The American College of Rheumatology (ACR) criteria for the classification of PAN include any three or more of the following ten items: weight loss greater than 4 kg, livedo reticularis, testicular pain or tenderness, myalgias, mono- or polyneuropathy, diastolic blood pressure greater that 90 mmHg, elevated BUN or serum creatinine levels, presence of hepatitis B reactants in serum, an arteriographic abnormality, and the presence of a granulocyte or mixed leukocyte infiltrate in an arterial wall biopsy.9) The initial presentation of our patient fulfilled only two items among the ACR diagnostic criteria: diastolic blood pressure greater than 90 mmHg and an arteriographic abnormality. A biopsy was not performed because of the absence of skin or neuromuscular involvement. However, some of the clinical features in our patient, including angiographically confirmed coronary artery lesions, evolution of vascular changes, young age, and being female, matched the characteristics of PAN. Other etiologies of coronary aneurysms such as Kawasaki disease, Behçet's disease, Takayasu arteritis, giant cell arteritis, or syphilitic arteritis were less likely and were not supported by the patient's medical history, physical findings and laboratory data. Atherosclerosis, the most common cause of coronary aneurysms in adults was also excluded due to the absence of risk factors.

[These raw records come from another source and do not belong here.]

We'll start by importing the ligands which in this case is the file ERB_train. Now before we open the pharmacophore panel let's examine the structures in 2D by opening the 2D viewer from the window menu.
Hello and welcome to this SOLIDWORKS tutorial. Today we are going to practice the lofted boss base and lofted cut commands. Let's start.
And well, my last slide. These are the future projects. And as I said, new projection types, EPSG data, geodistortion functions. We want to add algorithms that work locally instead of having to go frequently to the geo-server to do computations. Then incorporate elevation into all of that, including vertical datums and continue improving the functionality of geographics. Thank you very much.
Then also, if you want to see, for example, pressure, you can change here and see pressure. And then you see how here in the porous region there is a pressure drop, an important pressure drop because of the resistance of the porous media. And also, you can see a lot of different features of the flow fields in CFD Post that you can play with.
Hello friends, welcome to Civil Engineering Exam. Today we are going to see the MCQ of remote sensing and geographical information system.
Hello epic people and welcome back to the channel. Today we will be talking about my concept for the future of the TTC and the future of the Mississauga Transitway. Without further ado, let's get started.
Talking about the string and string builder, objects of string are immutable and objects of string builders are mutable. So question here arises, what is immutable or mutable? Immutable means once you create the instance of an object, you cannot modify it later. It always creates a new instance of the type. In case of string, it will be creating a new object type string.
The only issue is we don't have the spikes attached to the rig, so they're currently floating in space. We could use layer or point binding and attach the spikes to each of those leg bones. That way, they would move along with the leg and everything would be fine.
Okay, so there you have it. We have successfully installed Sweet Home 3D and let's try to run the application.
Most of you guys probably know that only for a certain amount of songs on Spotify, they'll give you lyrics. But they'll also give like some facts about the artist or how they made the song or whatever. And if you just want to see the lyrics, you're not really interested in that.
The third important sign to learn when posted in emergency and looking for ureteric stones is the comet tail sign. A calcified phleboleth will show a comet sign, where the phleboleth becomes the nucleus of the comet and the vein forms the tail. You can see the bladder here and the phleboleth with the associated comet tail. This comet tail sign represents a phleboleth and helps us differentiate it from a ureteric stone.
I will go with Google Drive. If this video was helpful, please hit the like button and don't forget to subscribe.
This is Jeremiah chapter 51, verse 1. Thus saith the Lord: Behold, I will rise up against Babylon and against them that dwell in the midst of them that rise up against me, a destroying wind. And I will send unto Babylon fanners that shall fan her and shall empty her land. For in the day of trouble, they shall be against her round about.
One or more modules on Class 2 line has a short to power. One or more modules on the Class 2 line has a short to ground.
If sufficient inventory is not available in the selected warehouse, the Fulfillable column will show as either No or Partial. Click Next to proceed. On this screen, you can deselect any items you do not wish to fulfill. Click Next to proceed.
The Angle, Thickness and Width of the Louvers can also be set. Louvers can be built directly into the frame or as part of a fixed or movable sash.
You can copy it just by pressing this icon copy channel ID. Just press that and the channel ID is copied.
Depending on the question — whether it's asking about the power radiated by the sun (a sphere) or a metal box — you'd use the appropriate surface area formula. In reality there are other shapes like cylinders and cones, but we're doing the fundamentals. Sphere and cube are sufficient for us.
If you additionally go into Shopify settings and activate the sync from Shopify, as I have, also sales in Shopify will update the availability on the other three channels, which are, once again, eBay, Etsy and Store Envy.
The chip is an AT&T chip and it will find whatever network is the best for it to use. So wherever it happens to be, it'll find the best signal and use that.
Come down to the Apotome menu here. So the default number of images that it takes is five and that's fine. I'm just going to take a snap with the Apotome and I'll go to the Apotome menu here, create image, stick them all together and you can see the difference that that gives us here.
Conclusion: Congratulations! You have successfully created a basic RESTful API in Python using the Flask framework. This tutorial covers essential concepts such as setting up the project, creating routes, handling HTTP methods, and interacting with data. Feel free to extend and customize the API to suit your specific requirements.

Without treatment, the 5-year survival of patients with PAN is 13%. With optimal therapy, the 5-year survival increases to approximately 80%.10) Currently, the recommended treatment of PAN is prednisone 1 mg/kg/day for 4 weeks with subsequent tapering over 9 months and cyclophosphamide at 1.5 to 2 mg/kg/day for 1 year.11)12)

There is still no consensus on how coronary lesions related to PAN should be treated. In the present case, we did not perform a percutaneous coronary intervention because myocardial SPECT showed only minimally reversible ischemia in the LCx area and the patient did not complain of recurrent chest pain. Instead, we treated the patient medically with standard cardiac treatments. In addition, she was given aggressive antiinflammatory therapy with high-dose steroids and cyclophosphamide. The patient did not develop further chest pain and remained event-free.